Chopin:Impromptu No. 1 in A-flat major (Op. 29)
Ballade No. 1 in G minor (Op. 23)
Polonaise in A major "Military" (Op. 40, No.1)
Etude in E minor "Wrong Note" (Op. 25, No. 5)
Prelude in G-sharp minor (Op. 28, No. 12)
Prelude in D-flat major "Raindrop" (Op. 28, No. 15)
Etude in G-flat major "Butterfly" (Op. 25, No. 9)
Nouvelle Etude No. 1 in F minor
Etude in C-sharp minor (Op. 10, No. 4)
Waltz in D-flat major "Minute" (Op. 64, No. 1)
Fantasy-Impromptu in C-sharp minor (Op. 66)
Nocturne in F major (Op. 15, No. 1)
Etude in A-flat major "Aeolian Harp" (Op. 25, No. 1)
Liszt:Apres d'une lecture de Dante (from Années de Pèlerinage, 2nd year)
Transcendental Etude No. 4 "Mazeppa"
Grand galop chromatique
Beethoven:Symphony No.6 in F major "Pastoral"
Impromptu was released on 12 April 1991 in the United Kingdom. It was later broadcast on PBS's Masterpiece Theatre in 1993.
Impromptu has received mixed to favorable reviews. According to the review aggregator website, Rotten Tomatoes, the film has a 75% approval rating and an average score of 5.9/10 based on 16 reviews. Jeff Millar of the Houston Chronicle wrote that the film is "a zingy, impudent little essay on gender, with the exquisitely confusing George Sand at its center." Roger Ebert of the Chicago Sun-Times awarded the film 3/4 stars, writing, "The film has little serious interest in George Sand, and almost none in the novels that are all that remain of her, but diverts itself with scandal, atmosphere, location, and witty repartee."
Janet Maslin of The New York Times gave the film a positive review, likening it to the films of Ken Russell.
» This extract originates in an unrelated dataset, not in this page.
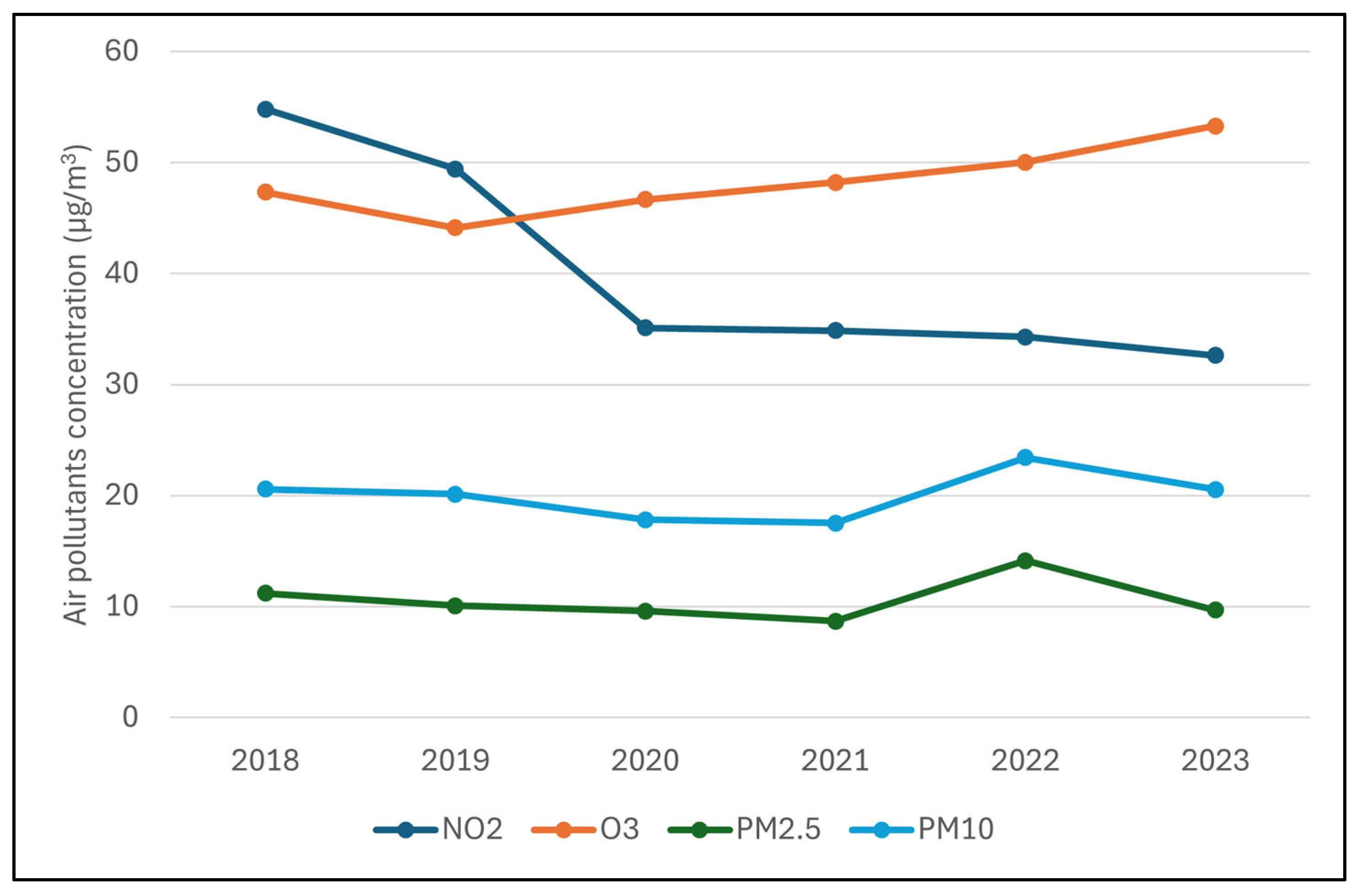 Environments 11 00204 g001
Speaking of director James Lapine's approach, Maslin said, "Handling this material playfully, he tosses together the film's artistic luminaries and allows them to indulge in outrageous antics, like the scene that finds Sand pleading for Chopin's affections and telling him she needs only a minute of his time to explain her feelings." The New Yorker reviewer wrote that the film was "an ebullient and absurdly entertaining account of the famous love affair of George Sand and Frédéric Chopin. ...The historical figures in this movie are cartoons, but they’re cartoons with recognizable human qualities, and the actors look as if they were having a wonderful time charging around in their period costumes. Hugh Grant’s Chopin is a brilliant caricature of the Romantic ideal of the artist; he gives the character an air of befuddled unworldliness, and punctuates his readings with delicately timed tubercular coughs. Judy Davis plays Sand—a great actress in a great role."